§ **Work item**: The answer should hold only the lines from the one containing "SnelShoppen - Babydeken" through the one containing "Soundbar TCL com" in the entries below, copied exactly, without pictures.

§ **Exercise data**:

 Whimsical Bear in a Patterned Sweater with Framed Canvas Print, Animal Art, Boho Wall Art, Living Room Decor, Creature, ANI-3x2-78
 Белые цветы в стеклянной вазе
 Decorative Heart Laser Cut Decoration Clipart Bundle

--

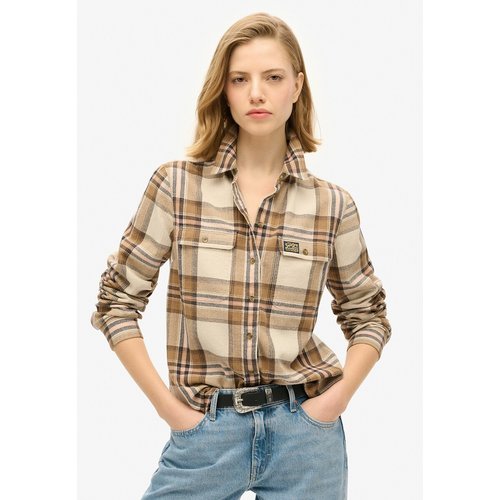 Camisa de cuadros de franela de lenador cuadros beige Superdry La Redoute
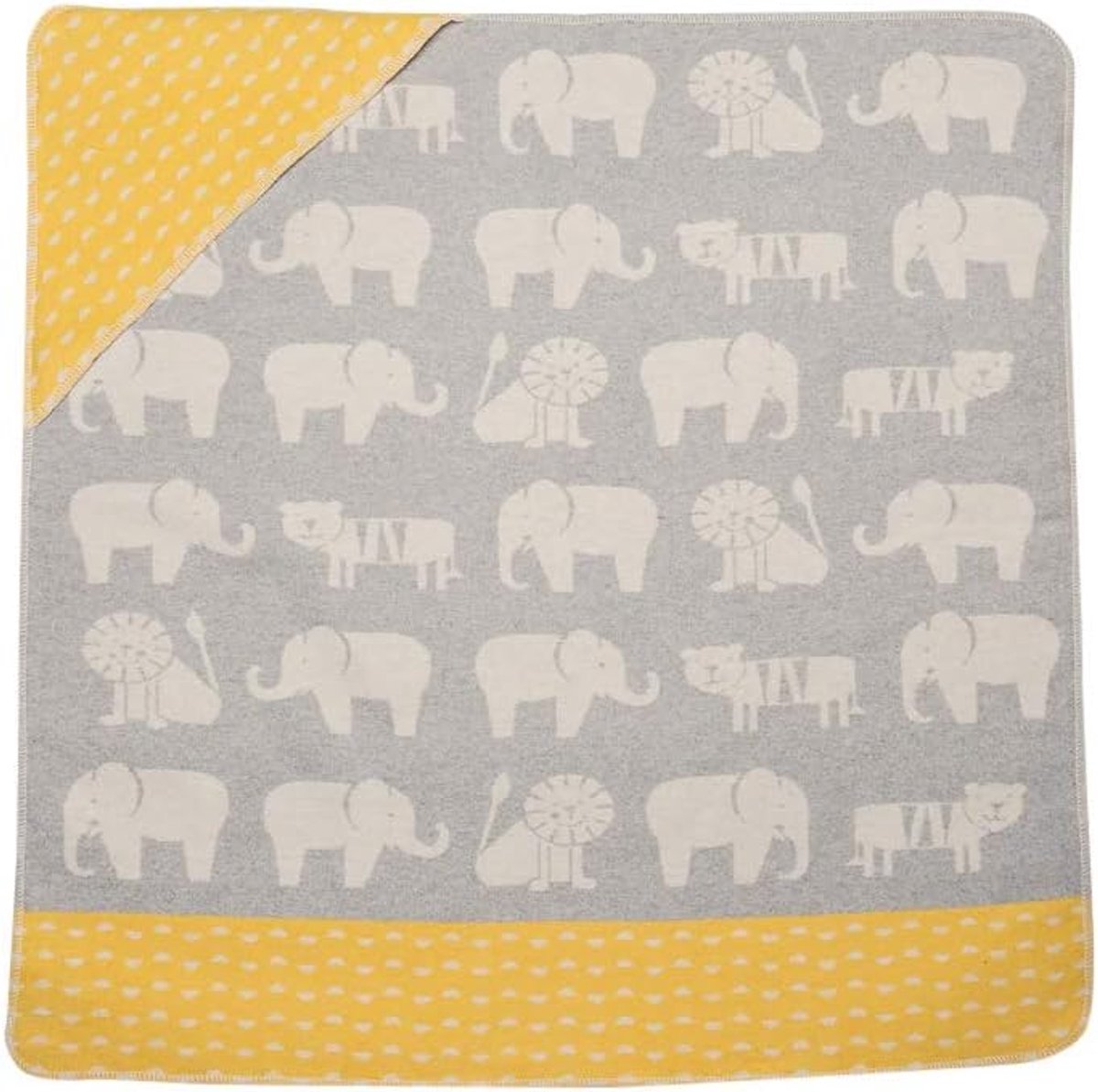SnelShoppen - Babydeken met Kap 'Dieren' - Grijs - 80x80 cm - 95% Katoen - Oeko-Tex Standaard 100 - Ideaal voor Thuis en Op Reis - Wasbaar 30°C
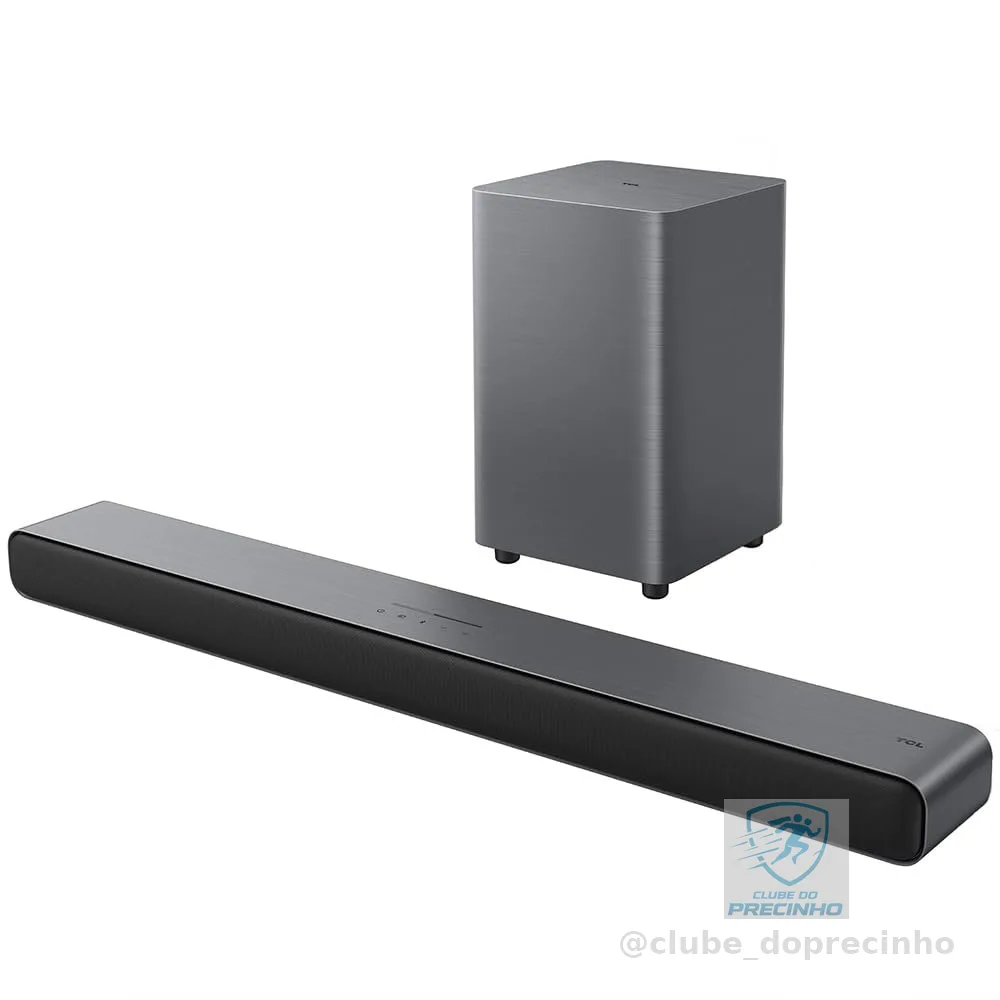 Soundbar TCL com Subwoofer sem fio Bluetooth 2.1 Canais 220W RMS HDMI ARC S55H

§ **Answer box**:
SnelShoppen - Babydeken met Kap 'Dieren' - Grijs - 80x80 cm - 95% Katoen - Oeko-Tex Standaard 100 - Ideaal voor Thuis en Op Reis - Wasbaar 30°C
 Soundbar TCL com Subwoofer sem fio Bluetooth 2.1 Canais 220W RMS HDMI ARC S55H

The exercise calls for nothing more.